Pre-processing for Triangulation of Probabilistic Networks

TL;DR

This paper introduces a pre-processing approach that simplifies probabilistic network graphs, enabling more efficient triangulation with minimal maximum clique size, thus improving inference performance.

Contribution

It presents a set of reduction rules for preprocessing graphs that facilitate optimal triangulation of probabilistic networks, reducing computational complexity.

Findings

Preprocessing can lead to optimal triangulations of some real-world networks.
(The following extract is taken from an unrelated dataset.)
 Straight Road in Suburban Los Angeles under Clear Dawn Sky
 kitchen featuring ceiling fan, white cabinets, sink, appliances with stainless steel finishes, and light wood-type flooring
Significant graph size reductions are achievable for certain networks.

Preprocessing enhances the efficiency of triangulation algorithms.

Abstract

The currently most efficient algorithm for inference with a probabilistic network builds upon a triangulation of a network's graph. In this paper, we show that pre-processing can help in finding good triangulations forprobabilistic networks, that is, triangulations with a minimal maximum clique size. We provide a set of rules for stepwise reducing a graph, without losing optimality. This reduction allows us to solve the triangulation problem on a smaller graph. From the smaller graph's triangulation, a triangulation of the original graph is obtained by reversing the reduction steps. Our experimental results show that the graphs of some well-known real-life probabilistic networks can be triangulated optimally just by preprocessing; for other networks, huge reductions in their graph's size are obtained.